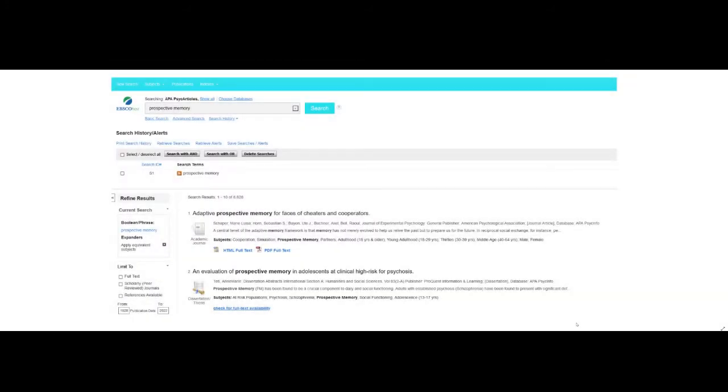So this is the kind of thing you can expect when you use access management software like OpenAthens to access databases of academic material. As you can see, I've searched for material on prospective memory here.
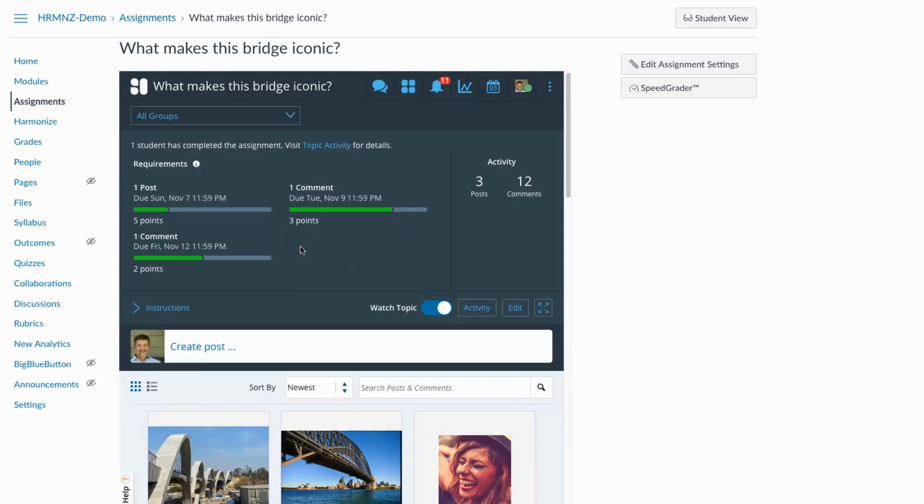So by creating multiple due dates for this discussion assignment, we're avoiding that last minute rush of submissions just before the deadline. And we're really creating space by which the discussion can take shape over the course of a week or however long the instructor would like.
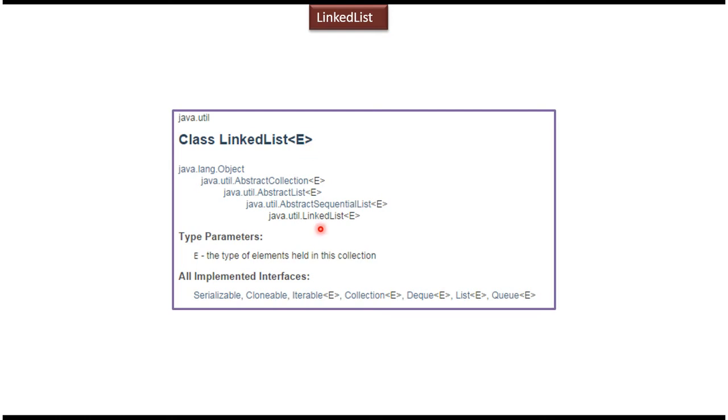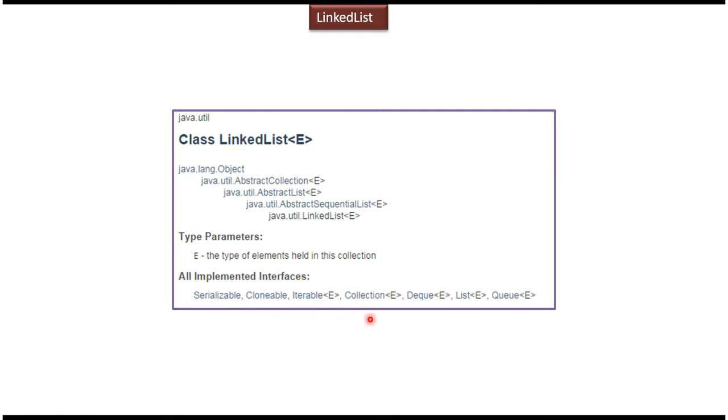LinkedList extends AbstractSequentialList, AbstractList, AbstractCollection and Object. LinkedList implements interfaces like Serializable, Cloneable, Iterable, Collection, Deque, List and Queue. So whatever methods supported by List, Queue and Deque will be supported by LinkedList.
* * *
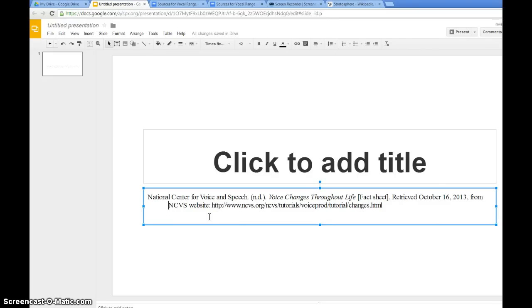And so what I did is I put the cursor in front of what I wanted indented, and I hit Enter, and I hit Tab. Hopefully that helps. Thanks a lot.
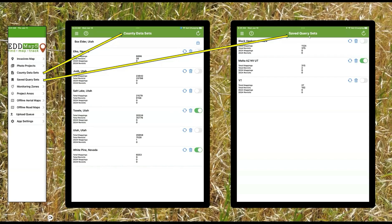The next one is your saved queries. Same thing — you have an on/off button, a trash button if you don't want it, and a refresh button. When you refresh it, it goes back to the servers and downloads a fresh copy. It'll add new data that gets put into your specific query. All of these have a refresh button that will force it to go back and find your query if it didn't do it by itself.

- [PROBLEM TO WORK ON]
Your answer is the exact run of lines above from the one with "So by creating" through the one with "supported by LinkedList.", both ends included, minus any picture.

- [ANSWER SECTION]
So by creating multiple due dates for this discussion assignment, we're avoiding that last minute rush of submissions just before the deadline. And we're really creating space by which the discussion can take shape over the course of a week or however long the instructor would like.
LinkedList extends AbstractSequentialList, AbstractList, AbstractCollection and Object. LinkedList implements interfaces like Serializable, Cloneable, Iterable, Collection, Deque, List and Queue. So whatever methods supported by List, Queue and Deque will be supported by LinkedList.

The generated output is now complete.